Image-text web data
====================

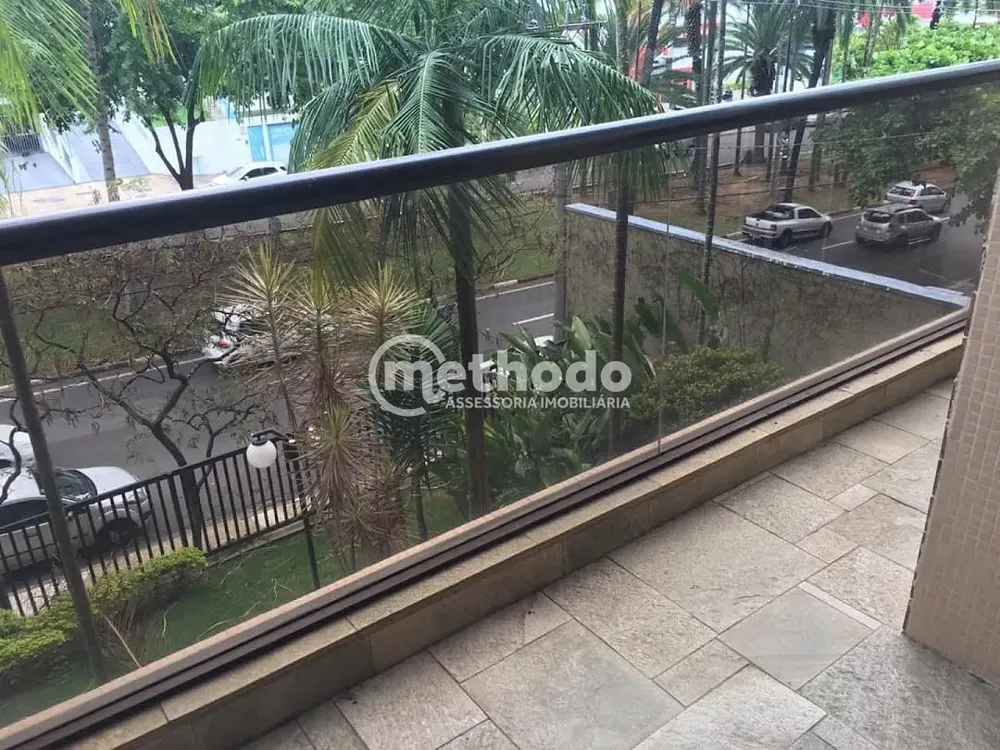 Apartamento, 3 quartos, 165 m² - Foto 2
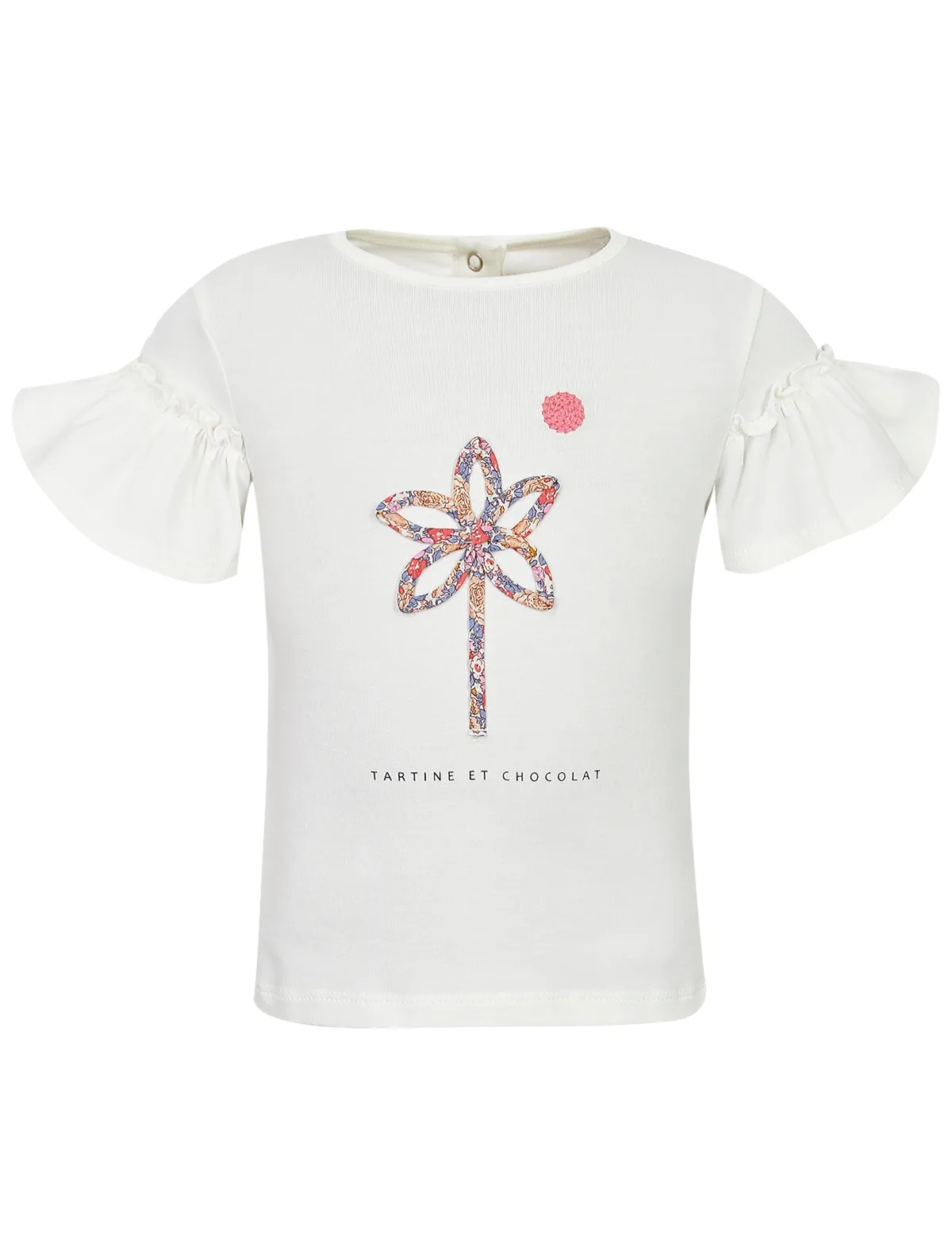 Футболка Tartine et Chocolat 6405₽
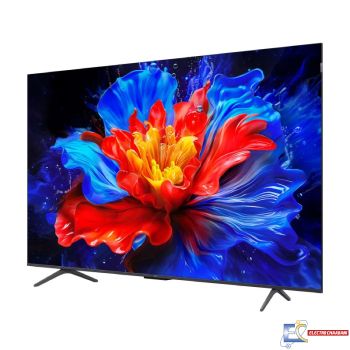 Téléviseur QLED TCL 55'' Smart 55P8K UHD 4K - Google TV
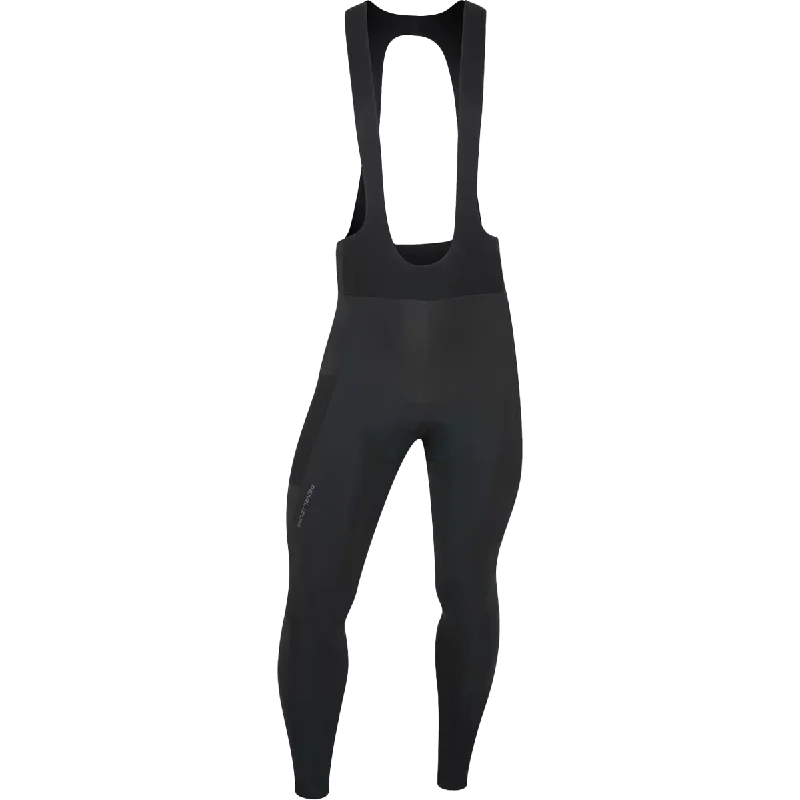 Wide-Leg and Flowy Men's Casual ShortsMen's Expedition Thermal Bib Tight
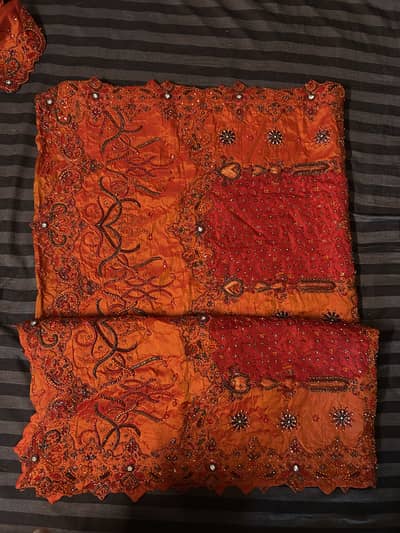 BRIDAL LEHANGA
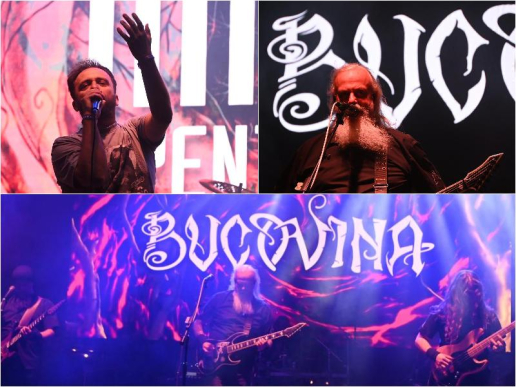 IMPLANT cu rock la Zilele Nordului “Aveți un loc absolut minunat” FOTO & VIDEO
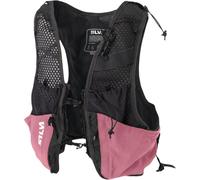 Gilet da corsa Silva Strive 10 Taglia: S / Colore: rosa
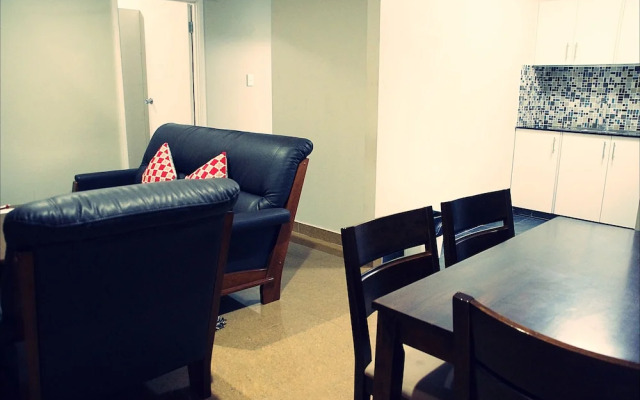Citi Serviced Apartments & Motel - Korobosea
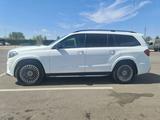 Mercedes-Benz GLS 400 2017 годаүшін25 000 000 тг. в Жезказган – фото 2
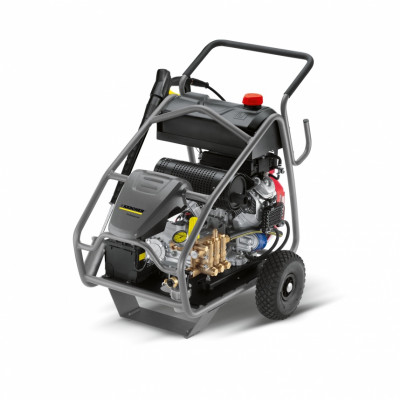 Nettoyeur à ultra-haute pression HD 13/35 Pe Karcher 1.367-505.0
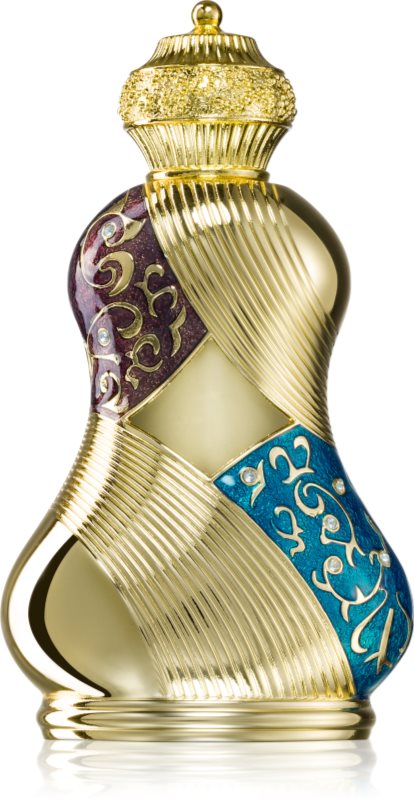Khadlaj Raniya ulei parfumat unisex 18 ml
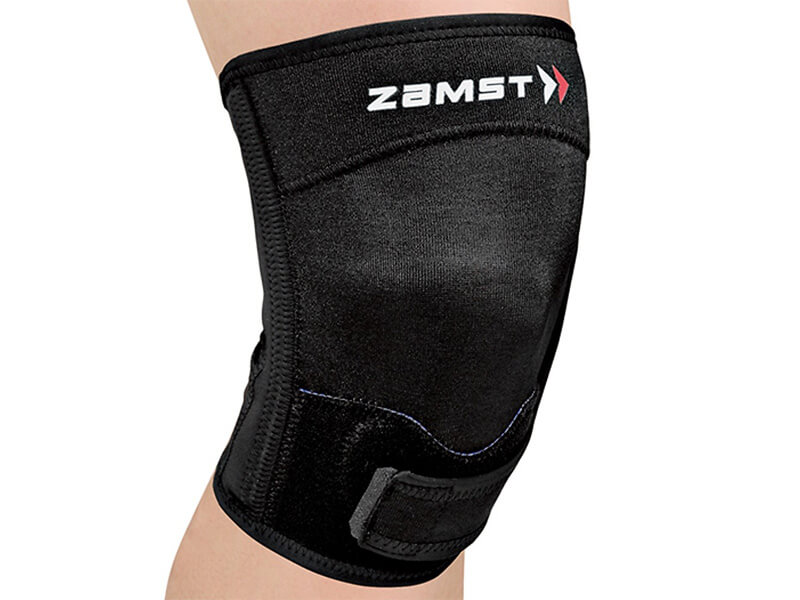 Đai hỗ trợ đầu gối Zamst RK-2 (Knee support)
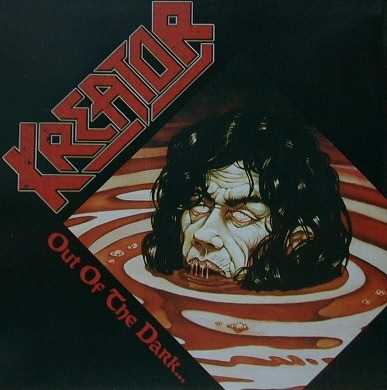 Kreator - Out of the Dark ... Into the Light - Tekst piosenki, lyrics | Tekściki.pl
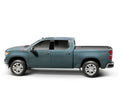 RealTruck 2019-2026 Dodge Ram 5ft 7in FlushFit Electric Retractable Cover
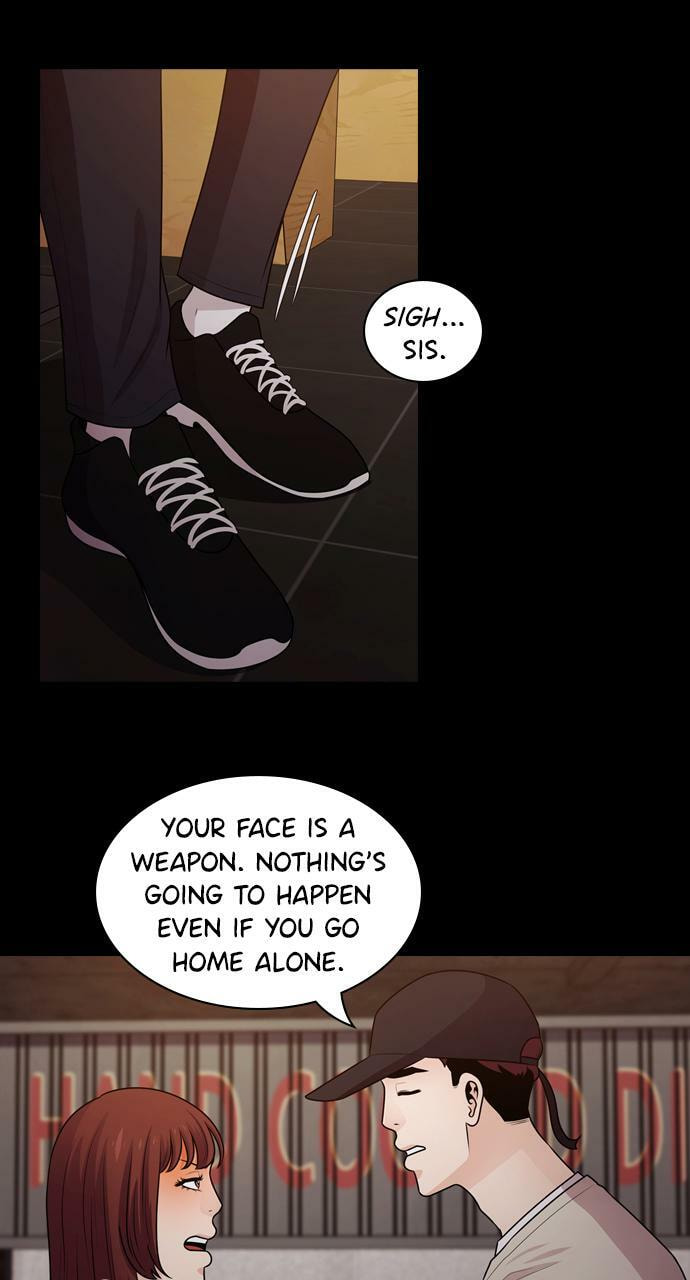 Tomorrow (Llama) Chapter 62 page 43 -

====================

▸ **Prompt**
Without the pictures, return the entries exactly as they appear.

▸ **Your response**
 Apartamento, 3 quartos, 165 m² - Foto 2
 Футболка Tartine et Chocolat 6405₽
 Téléviseur QLED TCL 55'' Smart 55P8K UHD 4K - Google TV
 Wide-Leg and Flowy Men's Casual ShortsMen's Expedition Thermal Bib Tight
 BRIDAL LEHANGA
 IMPLANT cu rock la Zilele Nordului “Aveți un loc absolut minunat” FOTO & VIDEO
 Gilet da corsa Silva Strive 10 Taglia: S / Colore: rosa
Citi Serviced Apartments & Motel - Korobosea
 Mercedes-Benz GLS 400 2017 годаүшін25 000 000 тг. в Жезказган – фото 2
 Nettoyeur à ultra-haute pression HD 13/35 Pe Karcher 1.367-505.0
Khadlaj Raniya ulei parfumat unisex 18 ml
 Đai hỗ trợ đầu gối Zamst RK-2 (Knee support)
 Kreator - Out of the Dark ... Into the Light - Tekst piosenki, lyrics | Tekściki.pl
 RealTruck 2019-2026 Dodge Ram 5ft 7in FlushFit Electric Retractable Cover
 Tomorrow (Llama) Chapter 62 page 43 -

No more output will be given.